No one in the movie is very interesting; our eyes glaze over during yet another bone-tired retread of chase scenes that we have seen over and over again. Occasionally there is variety, as when the boys shoot up a Ku Klux Klan rally; I dunno, maybe it’s just me, but I don’t see anything funny about burning crosses and guys in hoods. Do these images need to be given fresh circulation in 2003? The movie has a carelessness that shows a contempt for the audience. Consider a sequence in which two helicopters pursue a speedboat near Miami. I was never sure who was in the speedboat, or why it was fleeing.
Maybe I missed something, but it didn’t make much difference. Eventually the cops spray the boat with automatic weapons, the engine dies, and we hear “the boat is dead in the water.” End of scene. As nearly as I can tell, the only reason this scene is in the movie is so that we can watch two helicopters chasing a speedboat.
In a movie that is painfully long at 146 minutes, why is this scene taking up our time? The movie is so choppy in its nervous editing that a lot of the time we’re simply watching senseless kinetic action. The chase scenes and shoot-outs are broken down into closeups that deny us any sense of the physical relationship of the actors or the strategy of a chase. It’s all just movement.
For example, after the action moves to the druglord’s mansion in Cuba, the heroes commandeer his bright yellow Hummer for a getaway under fire. At one point it looked very much to me as if the Hummer drove into a pond, which would have brought an end to the chase, but no, seconds later it’s back in the chase–no pond, no nothing.
What happens next is kind of sickening. The Hummer speeds down a hillside entirely covered by the tarpaper shanties of poor people. Walls and roofs, doors and windows, dogs and chickens, corrugated iron and curtains, all fly into the air as the Hummer cuts a swath through this settlement. And I’m thinking, people live there. There’s a quick mention that drug production takes place on the hillside, but still: Dozens of poor shantytown dwellers must have been killed, not that the movie notices.

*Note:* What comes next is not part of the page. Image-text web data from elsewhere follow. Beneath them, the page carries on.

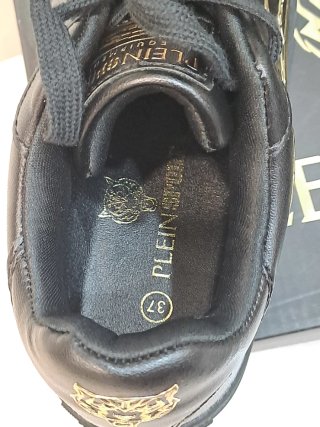 Scarpe Plein Sport nere con dettagli oro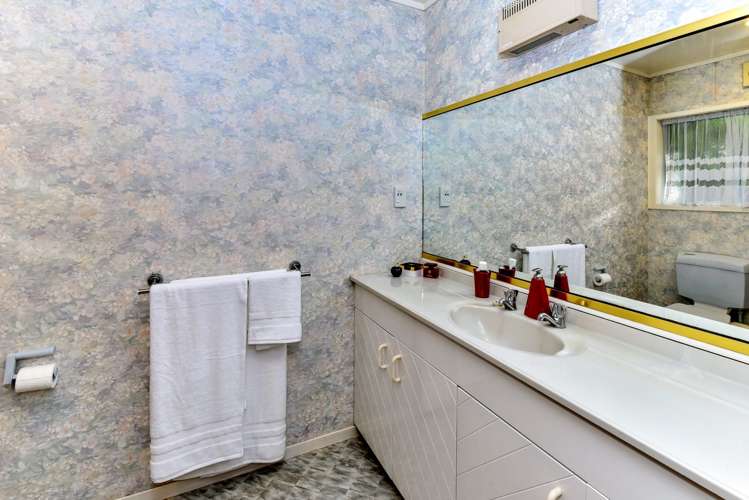 6 Moor Park Wattle Downs_16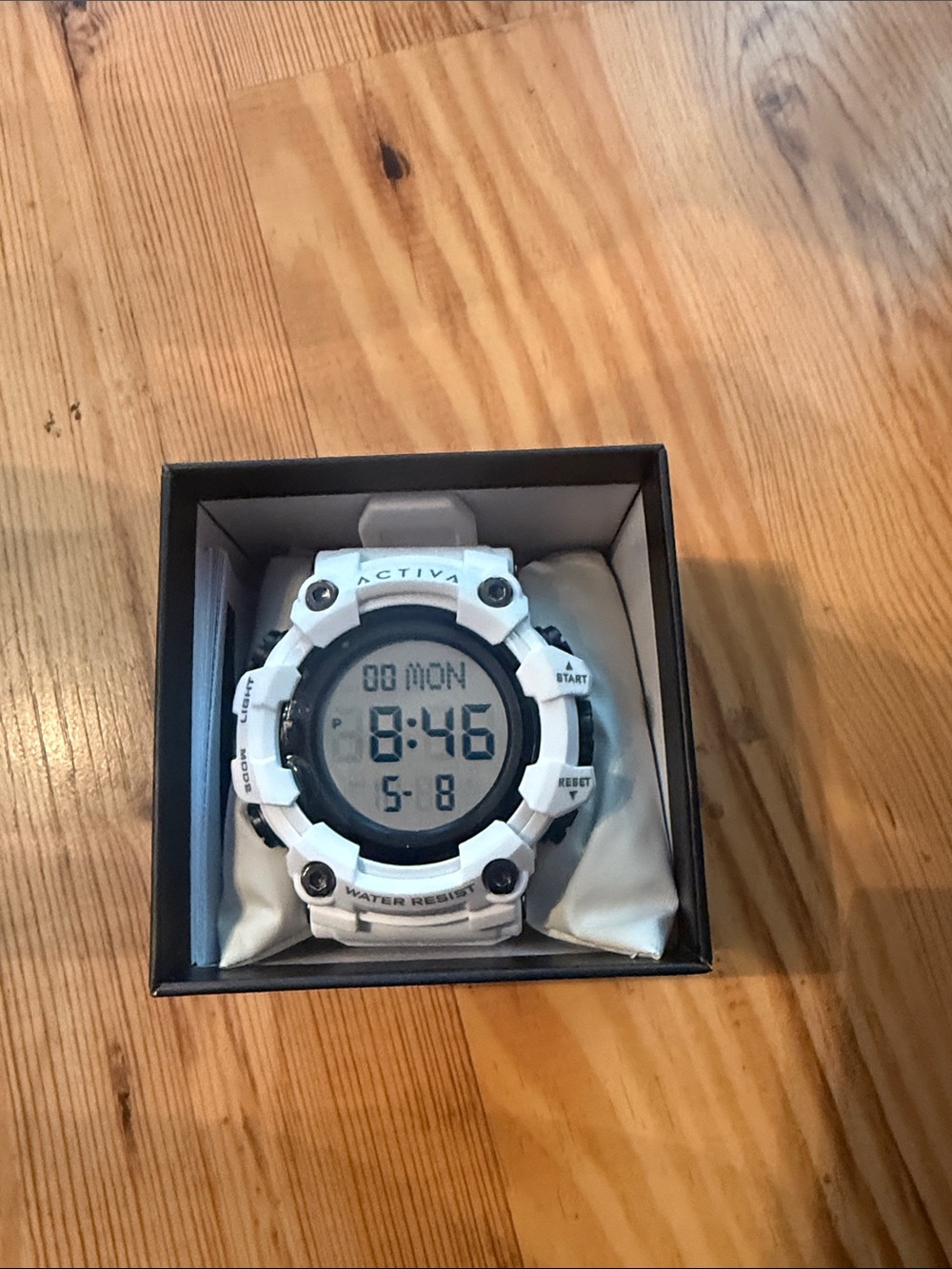 ACTIVA Invicta White Digital Sport Watch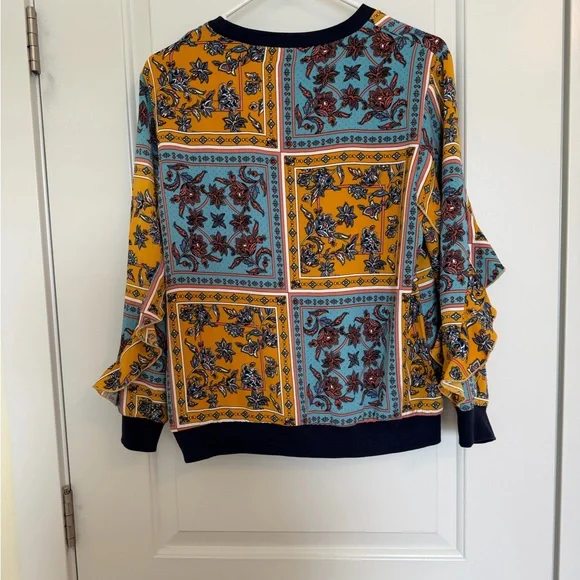 Korean Flower Patterned Blouse - Picture 2 of 4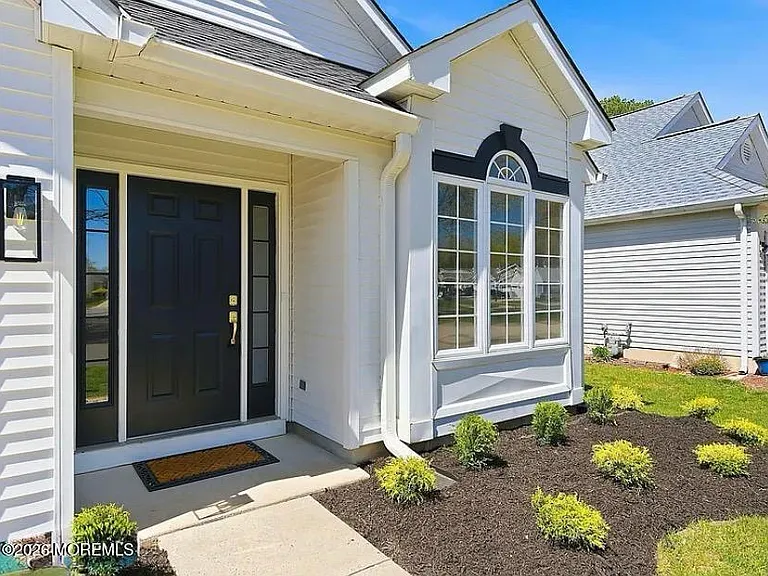 11 Archer Sq — Photo 2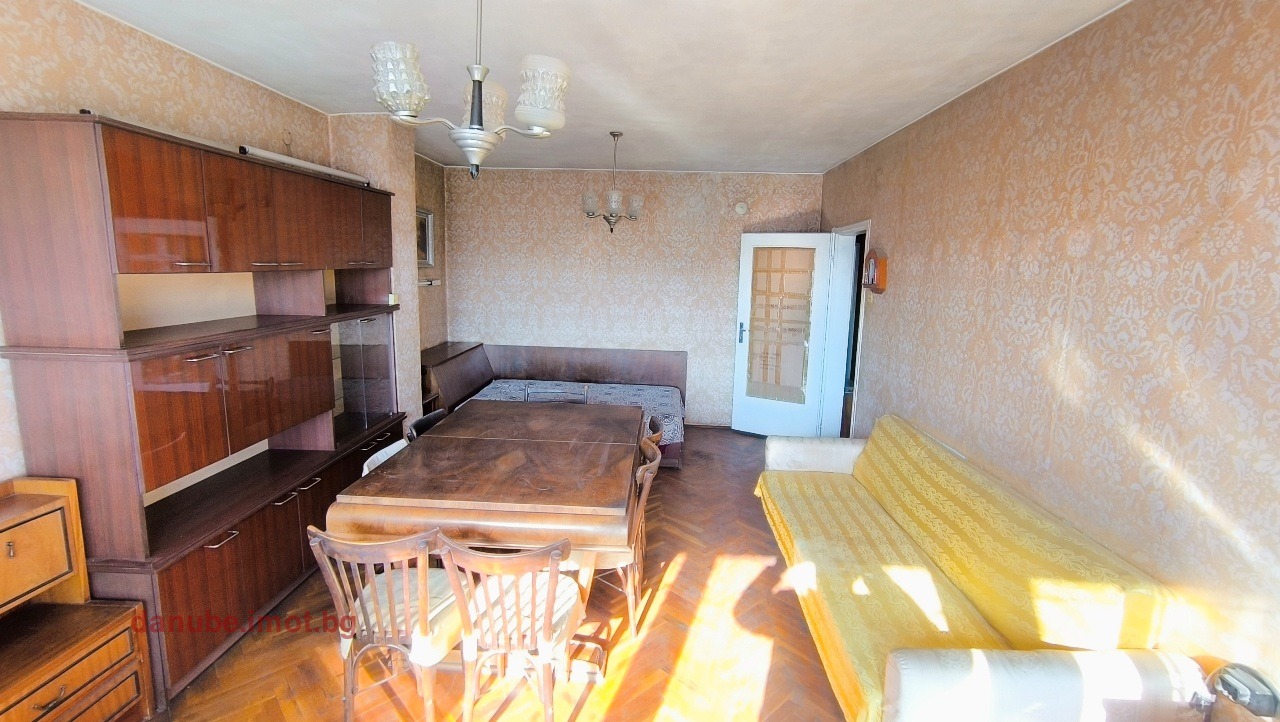 Продава 3-СТАЕН, гр. Русе, Широк център, снимка 2 - Апартаменти - 56225937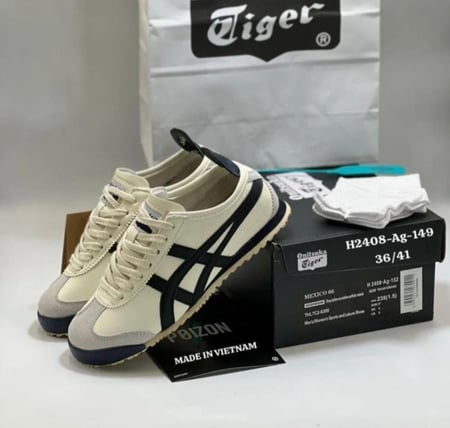 Tiger shoes  - Black mexico 66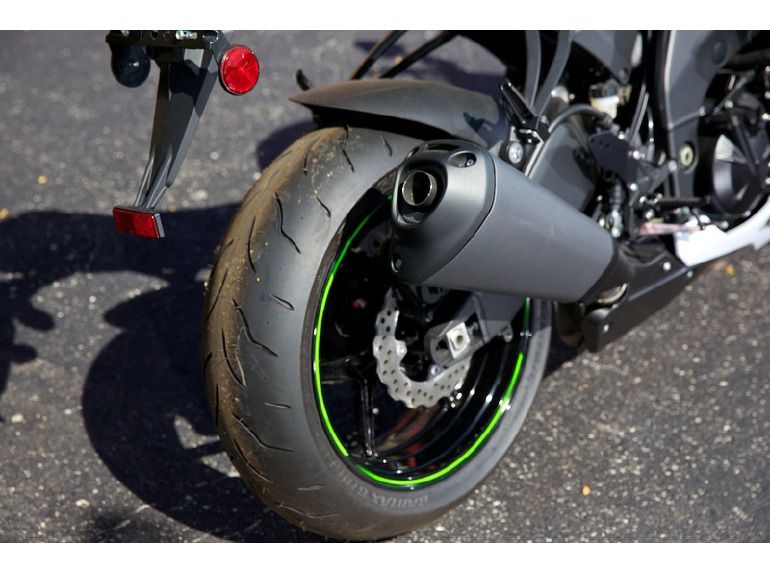 2010 Kawasaki Ninja ZX -10R , $9,487, image 18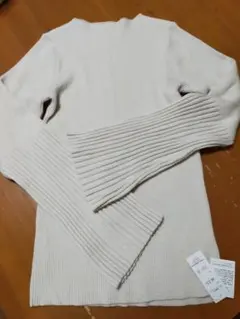 リブニットトップス アイボリーフレアー袖　ＧeeRＡ 未使用L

There was once a time when a hero would sacrifice his own life rather than injure innocent bystanders. No longer. The heroes of “Bad Boys II” are egotistical monsters, concerned only with their power, their one-liners, their weapons, their cars, their desires. I suppose I shouldn’t be surprised that characters who wipe out a village can also make cruel jokes at the expense of a kid on his first date. Everybody involved in this project needs to do some community service.